Northampton, also known as ‘Nofuntown’
Northampton, also known as ‘Nofuntown’
If you are talking Northampton you are talking Abington Street to begin your visit, the once thriving and traditional main shopping thoroughfare having its teeth punched out, gaps filled with the perfunctory charity shops, pawn brokers, fast food restaurants and mobile phone repair shops (why is it only Afghans that work in those?) or simply left empty, a burnt our unit at the top our flagship of the decline.
The BHS and M&S have gone as the old dears can no longer get into town to spend their pensions as the buses have been cut as austerity bites big chunks out of the market town. I suppose the high street is no worse than any other but the town council made the bizarre decision to build a large facility to house down-and-out’s just 500-yards from the city bowl to take them off the streets but just attracted more bums to the town. The ironically named ‘Hope Center’ doesn’t let anyone in who are drunk or on drugs anyway so [allegedly] pretty pointless.
After Ian Duncan Smith piled into the unemployed with fists and kicks flying to cheer up his base to create those homeless people through benefit cuts, the bums have grown so much in number they have now started to pitch tents on the actual high street. The local churchyards are like shanty towns as the dossers and druggies slur and gurn yarns of drinking 14 cans of Special Brew as they crash out off their face first on spice, into their own discharges. Abington Street is a stream of p*ss at night as there are no public toilets when the shopping centres are closed.
The town centre is very busy in the day time as the unemployed chavs pulling on angry status dogs mingle with the shop girls, as steroid pumped lads leaving the Virgin gym try to impress them as you slalom your way through the chuggers, utilities salesmen and those annoying X Factor buskers howling out Boyzone songs. The fat birds from the council estates munch on fatberg’s that have squeezed out of the sewers after hitting a tampon block, their howling sprogs in the pushchair left to fend for themselves. Litter wardens wait to pounce on some poor foreign sap that drops their fag end, men dressed in black arrow in like the SAS to deliver the £70 fine, 2000 fined this way this year alone as the bankrupt council behave like The Sopranos.
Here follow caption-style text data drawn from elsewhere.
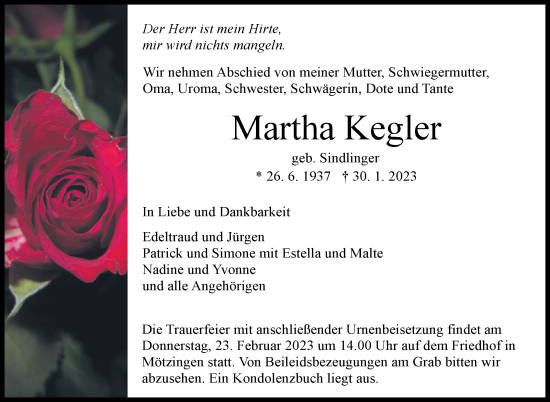 Traueranzeige von Martha Kegler von Kreiszeitung Böblinger Bote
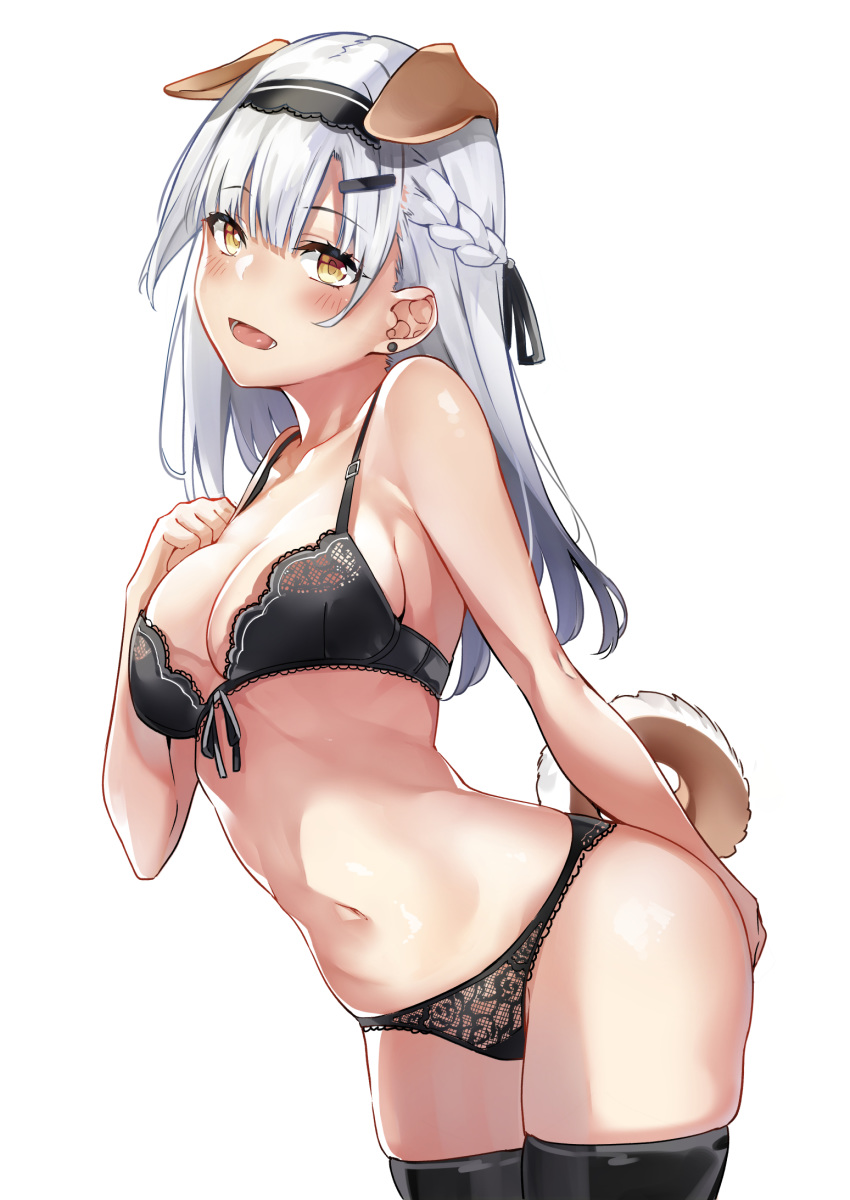 animal_ears black_bra black_hairband black_legwear black_panties bra braid breasts crown_braid dog_ears dog_tail earrings front-tie_bra grey_hair hair_ornament hairband hairclip highres jacob_dream_world jewelry lace lace-trimmed_bra lace-trimmed_panties lace_trim long_hair medium_breasts navel original panties simple_background standing tail thigh-highs underwear underwear_only white_background yellow_eyes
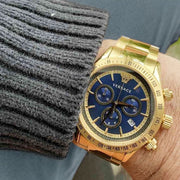  Shop Authentic Versace Classic Chronograph Quartz Blue Dial Gold Steel Strap Watch For Men - VEV700619 - Luxxuri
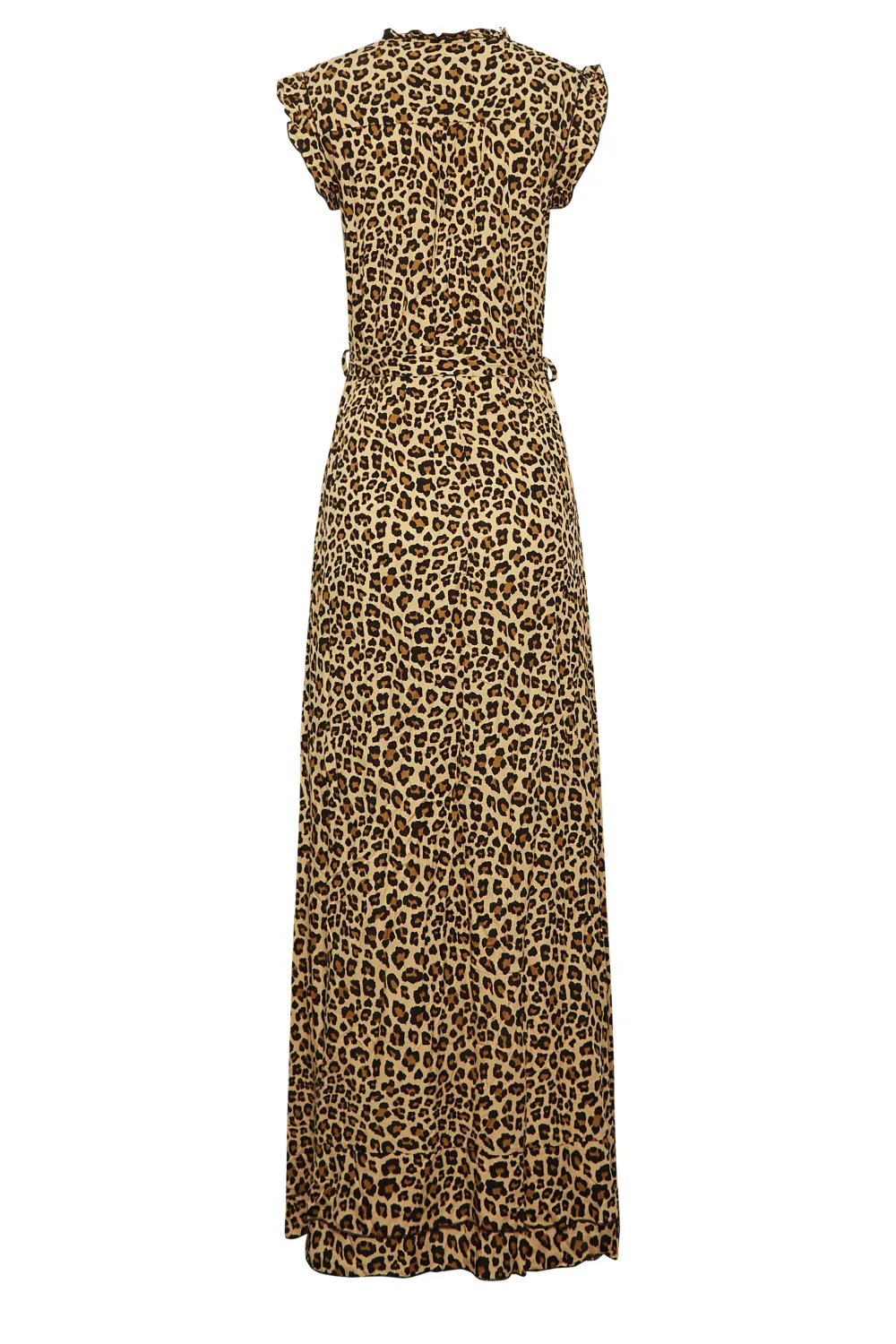LTS Tall Brown Leopard Print Frill Sleeve Maxi Dress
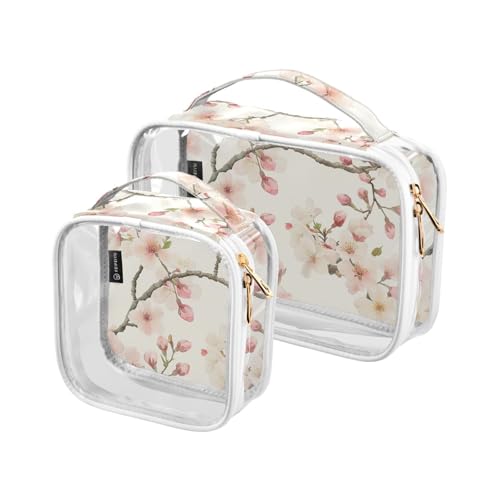 Transparente dekorative Kulturbeutel zum Aufhängen, TSA-geprüft, japanische Kirschblüte, Schönheit, Sommerblumen, wiederverwendbar, große Kosmetiktaschen für Damen, Reisen, unverzichtbar, Para von tplaotee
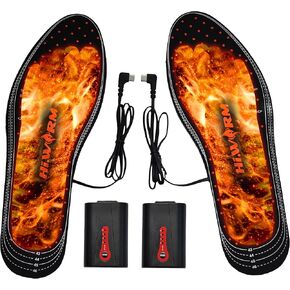 HIWARM Electric Heated Insoles Far Infrared 4 Constant Temperatures Rechargeable Foot Warmers for Men Women, Thermal Shoes Boots Inserts for Skiing, Hiking, Camping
It’s unclear why the homeless bums sprawled around their feet on the sleeping bags in the shop doorways in a nest of litter and beer cans are not fined.
The Eastern Europeans are everywhere, be it the pot bellied wannabe Roma gangster type in the bright coloured tacky FILA trackers, or those shifty little puffa jacket wearing olive skinned ones in skinny jeans ready to dive into Carphone Warehouse and steel five Iphone 8s. The infinite cheap labor from the EU has destroyed towns like this, everyone forced down to minimum wage as employers sack at will and replace fair contracts with zero hours stuff. It’s not that British working-class men don’t want to drive forklifts anymore in the towns many satellite industrial estates but simply overrun by a numbers game, at least ten times as many sunken eyed Poles dodging national service, willing to work longer for less to avoid going home to patrol the Ukraine border in January. In the old days blue-collar grafters could just about afford a mortgage and a place of their own, but with those zero hours contracts and a constant supply of even poorer Baltic countries labor joining the EU even the Poles are undercut in the U.K. It’s a race to the bottom as globalisation shatters places like Northampton, as working tax credit subsidises our decline as the corporations stuff their tax havens. It’s not a Brexit town in the northern sense, but it’s a marginal around the referendum which saw none out of ten English regions vote Leave because the working poor are being hit the hardest.